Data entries

+ + + + + + +

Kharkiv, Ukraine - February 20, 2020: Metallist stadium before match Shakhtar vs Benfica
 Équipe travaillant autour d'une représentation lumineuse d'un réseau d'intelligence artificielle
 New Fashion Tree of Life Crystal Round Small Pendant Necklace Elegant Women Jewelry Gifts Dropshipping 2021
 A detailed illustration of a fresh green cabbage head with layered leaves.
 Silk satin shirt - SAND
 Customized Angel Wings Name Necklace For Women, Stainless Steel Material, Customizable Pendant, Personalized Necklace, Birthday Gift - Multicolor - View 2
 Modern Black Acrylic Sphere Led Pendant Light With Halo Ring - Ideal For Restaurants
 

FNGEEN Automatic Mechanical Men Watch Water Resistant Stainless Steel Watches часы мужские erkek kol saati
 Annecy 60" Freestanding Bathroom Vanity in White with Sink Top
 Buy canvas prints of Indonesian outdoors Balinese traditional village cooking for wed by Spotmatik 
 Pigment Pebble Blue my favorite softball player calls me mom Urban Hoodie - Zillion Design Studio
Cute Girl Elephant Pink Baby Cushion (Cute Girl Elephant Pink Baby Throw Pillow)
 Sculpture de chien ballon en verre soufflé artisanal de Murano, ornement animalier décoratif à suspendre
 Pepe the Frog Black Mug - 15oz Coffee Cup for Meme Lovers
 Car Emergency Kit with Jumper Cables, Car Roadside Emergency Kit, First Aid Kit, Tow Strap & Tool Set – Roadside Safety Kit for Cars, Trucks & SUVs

+ + + + + + +

* [What this task involves]
The line containing "Équipe travaillant autour" marks the end. Please print exactly every line from the top of the data to it, both included, and nothing more.

* [Task result]
Kharkiv, Ukraine - February 20, 2020: Metallist stadium before match Shakhtar vs Benfica
 Équipe travaillant autour d'une représentation lumineuse d'un réseau d'intelligence artificielle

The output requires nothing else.